The proposed rule is a huge compromise for conservationists, but it provides more protection for headwater streams and isolated wetlands than the current situation in which the corps or EPA has to decide case by case whether a creek or marsh is covered by the Clean Water Act.  It’s better than nothing.

The new proposal has its opponents, of course.  There are many economic interests that would just as soon be free to degrade or destroy watercourses and wetlands.  They would be more than happy to return to an arrangement that left the public with poisoned water, dead fish, and burning rivers.  And, inevitably, these interests have friends in Congress.

On September 9, the U.S. House of Representatives passed a bill called the “Waters of the United States Regulatory Overreach Protection Act of 2014,” 262 votes in favor to 152 opposed.  If enacted, the bill would block the proposed rule and order the corps and EPA to reach consensus with all fifty states before proceeding.  Bear in mind that the state-by-state approach to water quality before 1972 is what left us with fires on the Cuyahoga River, millions of dead fish on the Mississippi, and poisoned salmon runs on the West Coast.

The bill has little chance of passing the Senate and no chance of being signed into law.  Still, the action by the House is appalling.  The majority seems more than willing to sacrifice clean water and wildlife in order to please their corporate contributors.
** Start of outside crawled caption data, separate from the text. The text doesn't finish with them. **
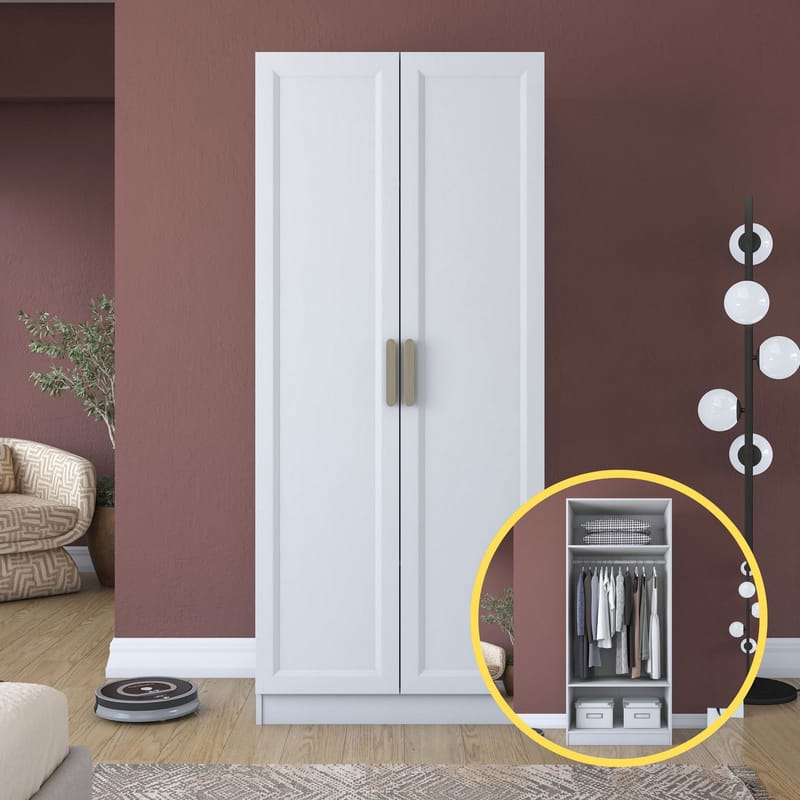 Garderobeskap Wallxpert Dara BA203 (90 x 210 x 57,5 cm) Hvit - Hvit - Oppbevaring - Klesoppbevaring - Garderober & garderobesystem - Garderobeskap & klesskap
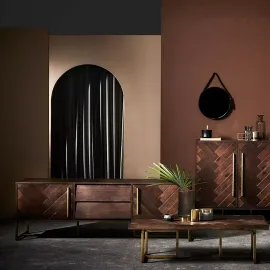 Тумба ТВ Art Fabric Bruno, 2 дверцы, 2 ящика, Орех/Латунь, 01443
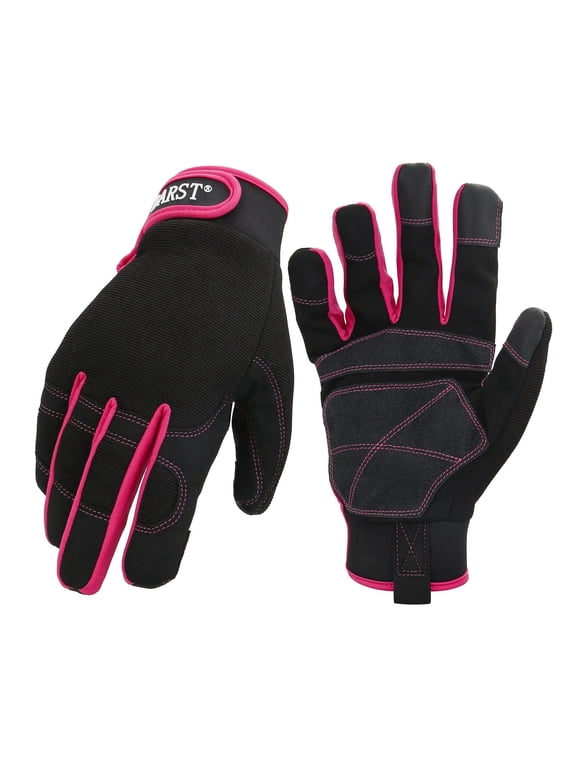 Touchscreen Work Gloves for Women, Flexible Mechanic Gloves with Adjustable Cuff, Grip Palm for Yard Work, Warehouse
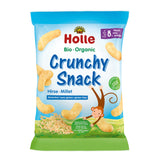 Holle Crunchy Snack packaging with blue and green design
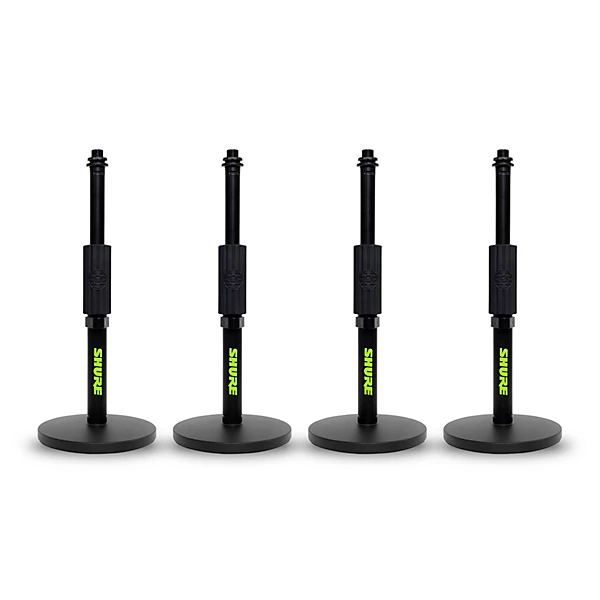 Shure Shure Round 6 Base Desktop Mic Stand With Standard Height-Adjustable Twist Clutch 4-Pack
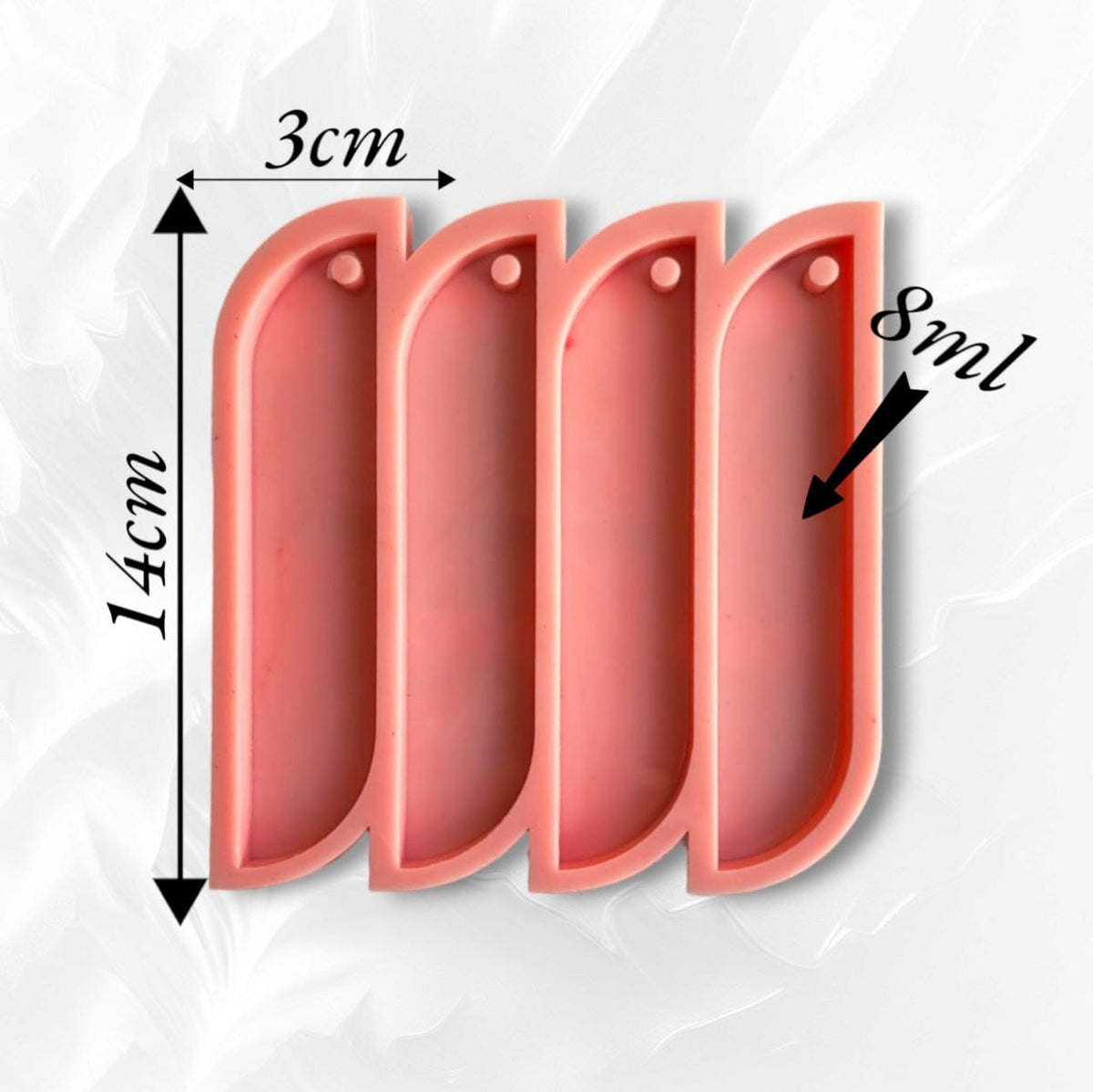 A silicone mold specially designed for making bookmarks using resin, wax, plaster, or ceramic; it contains four cavities in one mold. size 14*3 cm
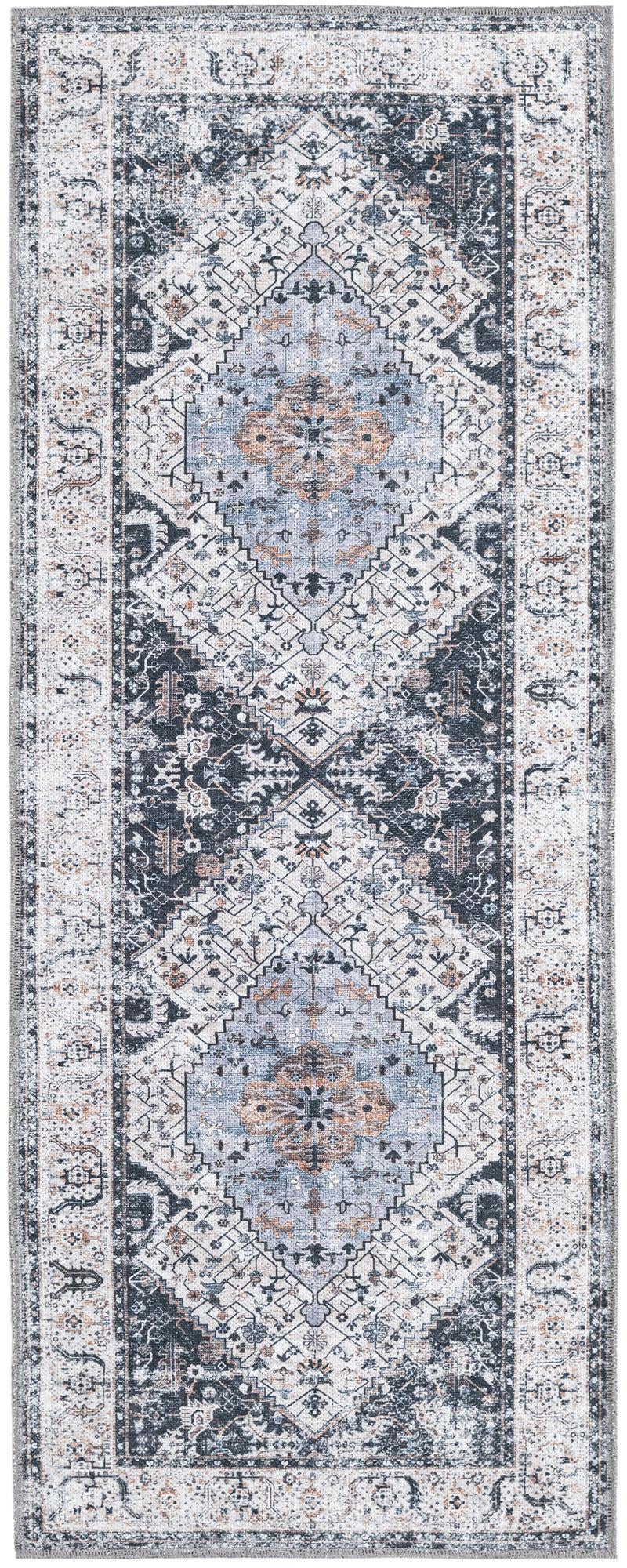 Yara Yash Linen Charcoal & Beige Area Rug | original supplier alternate detail or shape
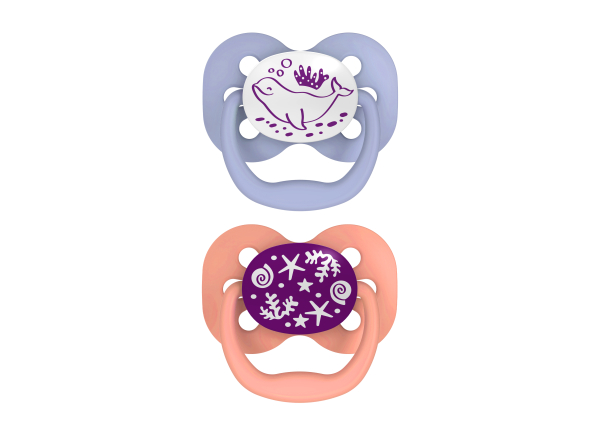 Dr Brown's Advantage Pacifier Glow in the Dark - Stage 1 Pink 0-6M 2PK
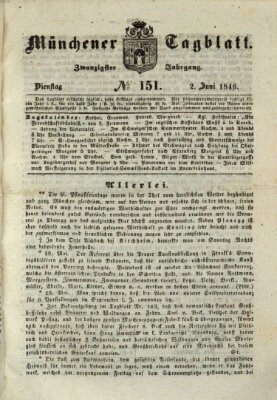 Münchener Tagblatt Dienstag 2. Juni 1846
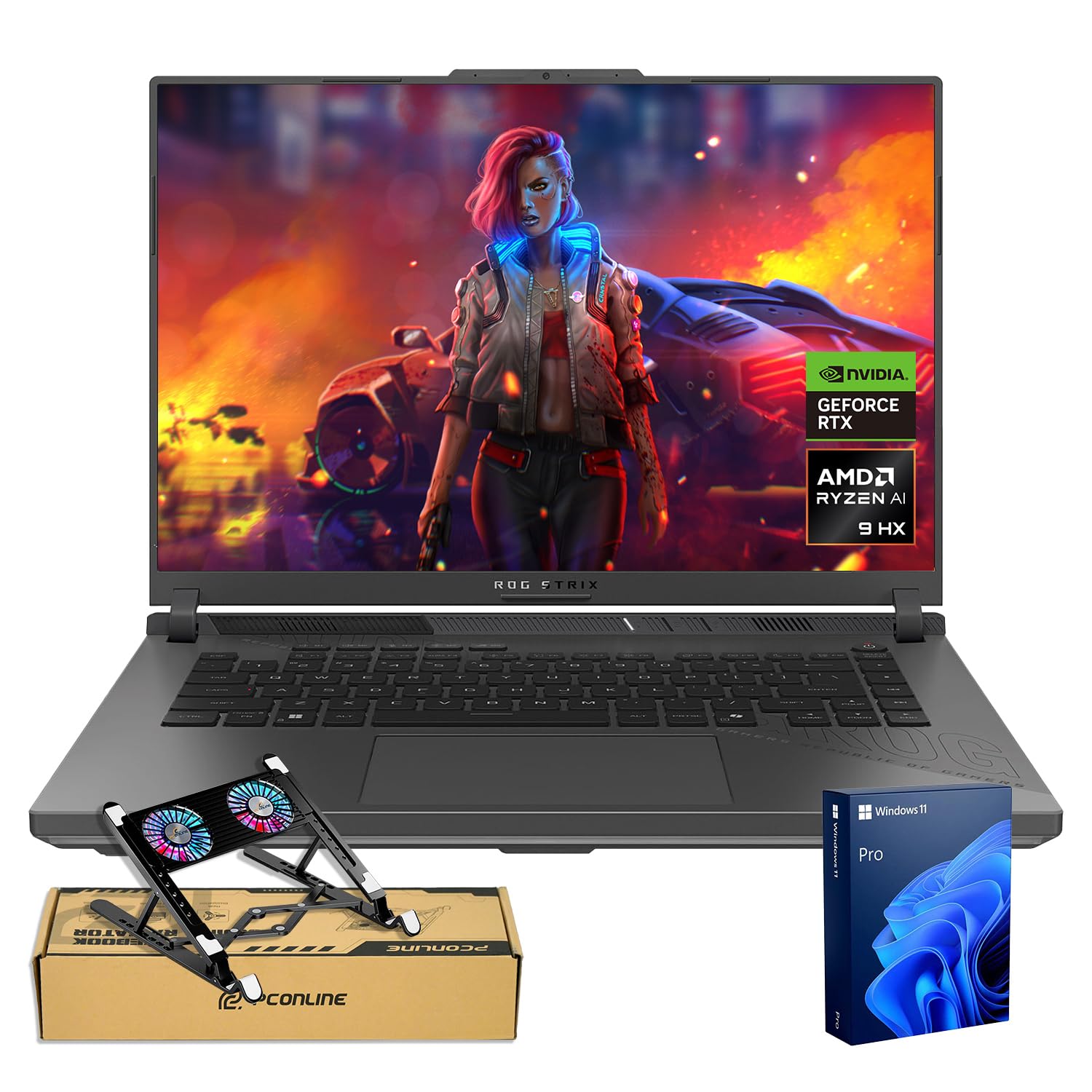 ASUS ROG Strix G16 RTX 5070Ti Pro Gaming Laptop, 16" FHD+ 165Hz, AMD Ryzen 9 8940HX(Beats Intel i9-13900), NVIDIA RTX 5070Ti, 64GB RAM, 1TB SSD, Esports-Ready RGB KB, Bundle with PCO Laptop Cooler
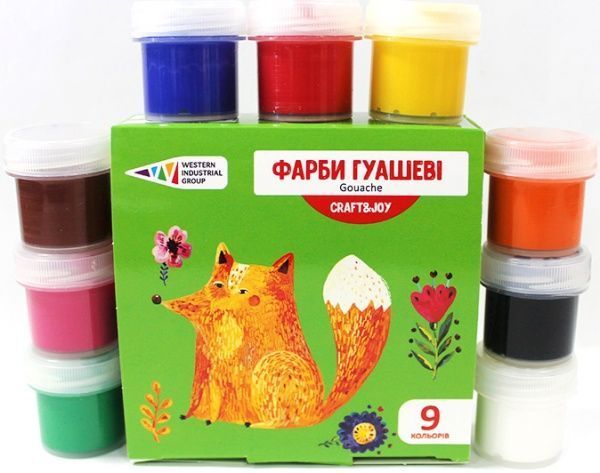 Фарби гуашеві CRAFT&JOY 221032/Cr 9 кольорів Western Industrial Group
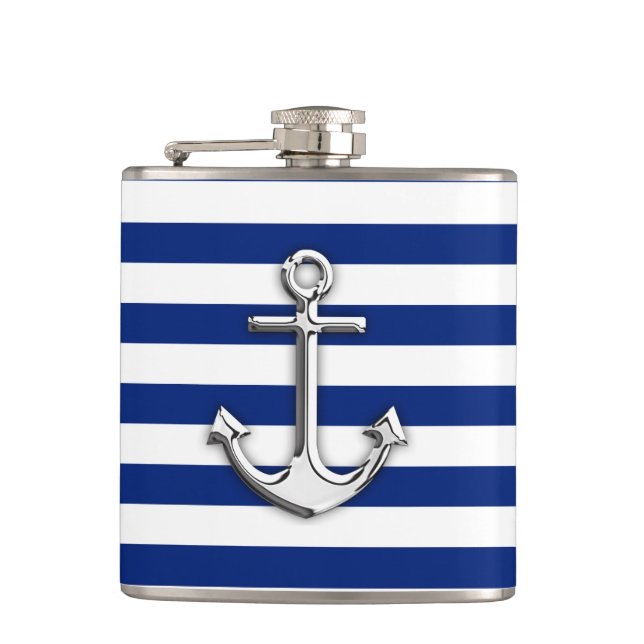 Flasques Le chrome comme l'Ancre sur le bleu marine barre (Devant)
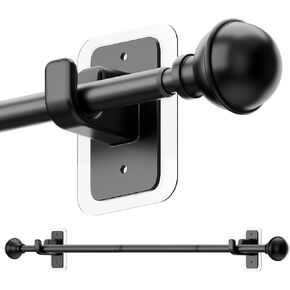 ENJOYBASICS No Drill Curtain Rods for Window 28 to 48 Inches, 5/8 Inch Diameter Renter Friendly Curtain Rod with Brackets No Drilling, Adhesive Drapery Rod, Adjustable from 27 to 52 Inches, Black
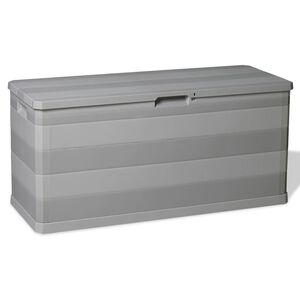 vidaXL Caixa de arruma&ccedil;&atilde;o para jardim 117x45x56 cm cinzento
Perhaps the most distressing part of this is the lip service these Congressmen pay to “the sportsman.” Of the 262 who voted and/or cosponsored this bill, 198 are members of the Congressional Sportsmen’s Caucus.  That’s the group that claims “to protect and advance the interests of sportsmen and women through policies that address sportsmen’s conservation issues such as hunting, recreational angling and shooting and trapping.”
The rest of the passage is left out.